BEGIN RECORDS SUPPLIED

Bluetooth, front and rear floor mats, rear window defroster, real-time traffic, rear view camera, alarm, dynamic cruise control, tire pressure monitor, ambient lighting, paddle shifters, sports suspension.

END RECORDS SUPPLIED
BEGIN RECORDS SUPPLIED

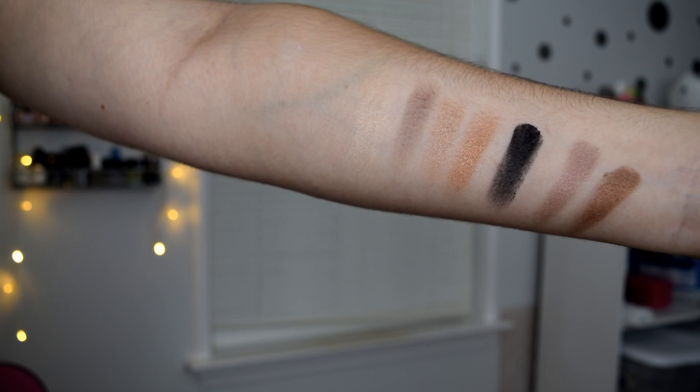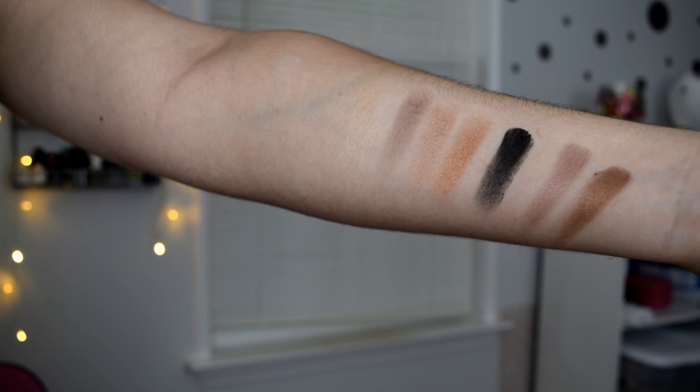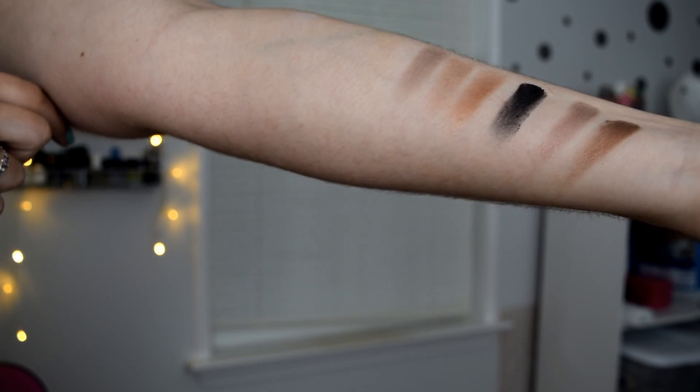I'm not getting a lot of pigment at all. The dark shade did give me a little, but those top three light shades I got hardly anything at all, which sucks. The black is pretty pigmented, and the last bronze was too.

END RECORDS SUPPLIED
BEGIN RECORDS SUPPLIED

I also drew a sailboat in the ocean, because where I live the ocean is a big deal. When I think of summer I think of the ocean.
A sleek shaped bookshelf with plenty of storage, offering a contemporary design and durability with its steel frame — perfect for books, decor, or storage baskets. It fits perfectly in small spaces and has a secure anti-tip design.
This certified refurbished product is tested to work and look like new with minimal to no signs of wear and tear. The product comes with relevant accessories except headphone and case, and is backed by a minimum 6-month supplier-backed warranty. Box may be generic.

END RECORDS SUPPLIED

**THE PROBLEM**
Write out each line above that contains the word "with".

**ANSWER SECTION**
A sleek shaped bookshelf with plenty of storage, offering a contemporary design and durability with its steel frame — perfect for books, decor, or storage baskets. It fits perfectly in small spaces and has a secure anti-tip design.
This certified refurbished product is tested to work and look like new with minimal to no signs of wear and tear. The product comes with relevant accessories except headphone and case, and is backed by a minimum 6-month supplier-backed warranty. Box may be generic.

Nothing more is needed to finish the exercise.